**PROBLEM DESCRIPTION:** Your answer must be an exact copy of the records below, minus the pictures.

**DATA SUPPLIED:**
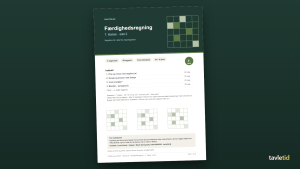 Færdighedsregning 7. klasse – sæt 2 – forsiden af hæftet (PDF, 10 sider)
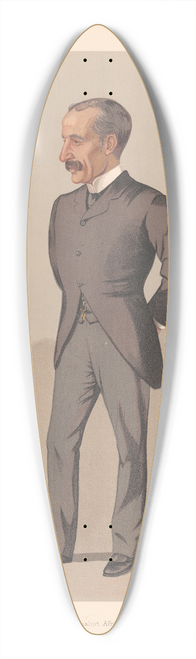 Leslie Matthew Ward - Architecture and Engineers. Imperialist Afrikander. Sir James Sivewright. 1 June 1893 39.3 inch art pintail longboard deck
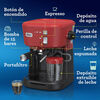 Cafetera Espresso Oster BVSTEM5501R-052 Roja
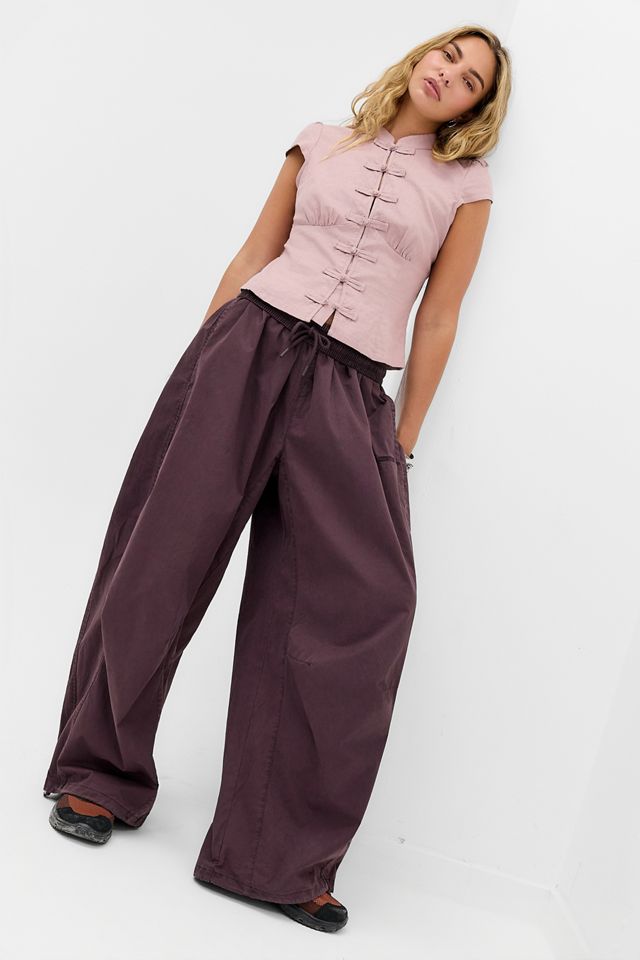 iets frans... Sid Washed Cotton Trousers #1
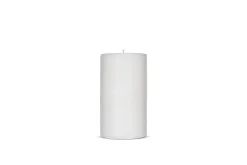 Rustic Soy Blend Pillar Candle - White - Small
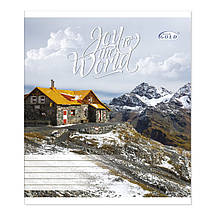 Зошит 18 аркушів клітинка "Бріск"/ Нейтральний мікс, фото 5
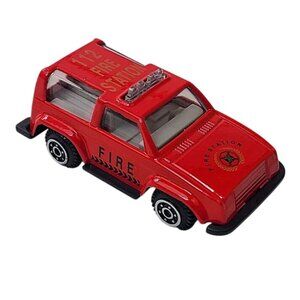 Red Fire Station 112 Mini Toy Truck Plastic Fire Rescue Vehicle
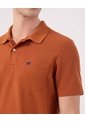 Polo Unicolor Con Bolsillo   Para Hombre Naranja Patprimo de Patprimo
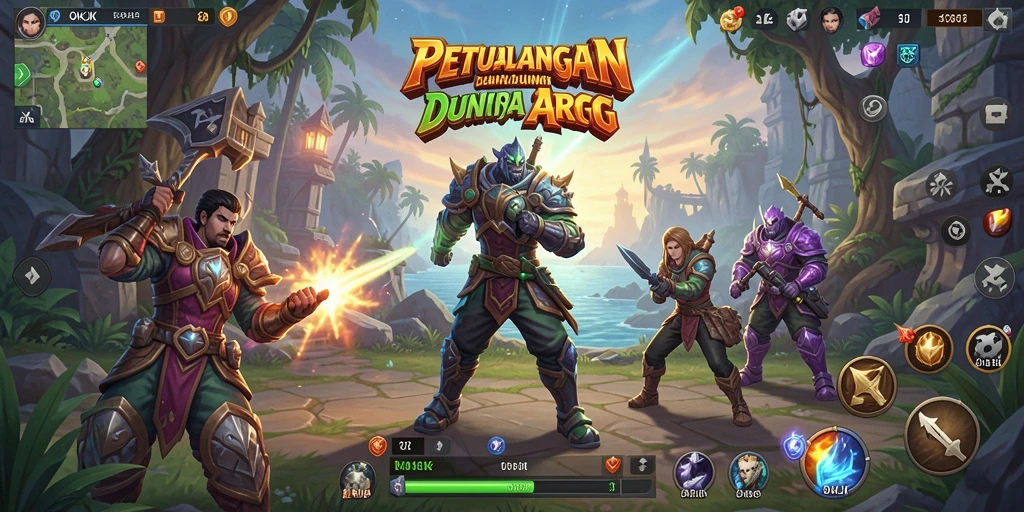 Tangkapan layar dari gameplay ARPG yang mendebarkan di OKJK.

**SOLUTION TO THIS TASK:**
 Færdighedsregning 7. klasse – sæt 2 – forsiden af hæftet (PDF, 10 sider)
 Leslie Matthew Ward - Architecture and Engineers. Imperialist Afrikander. Sir James Sivewright. 1 June 1893 39.3 inch art pintail longboard deck
 Cafetera Espresso Oster BVSTEM5501R-052 Roja
 iets frans... Sid Washed Cotton Trousers #1
 Rustic Soy Blend Pillar Candle - White - Small
 Зошит 18 аркушів клітинка "Бріск"/ Нейтральний мікс, фото 5
 Red Fire Station 112 Mini Toy Truck Plastic Fire Rescue Vehicle
 Polo Unicolor Con Bolsillo   Para Hombre Naranja Patprimo de Patprimo
 Tangkapan layar dari gameplay ARPG yang mendebarkan di OKJK.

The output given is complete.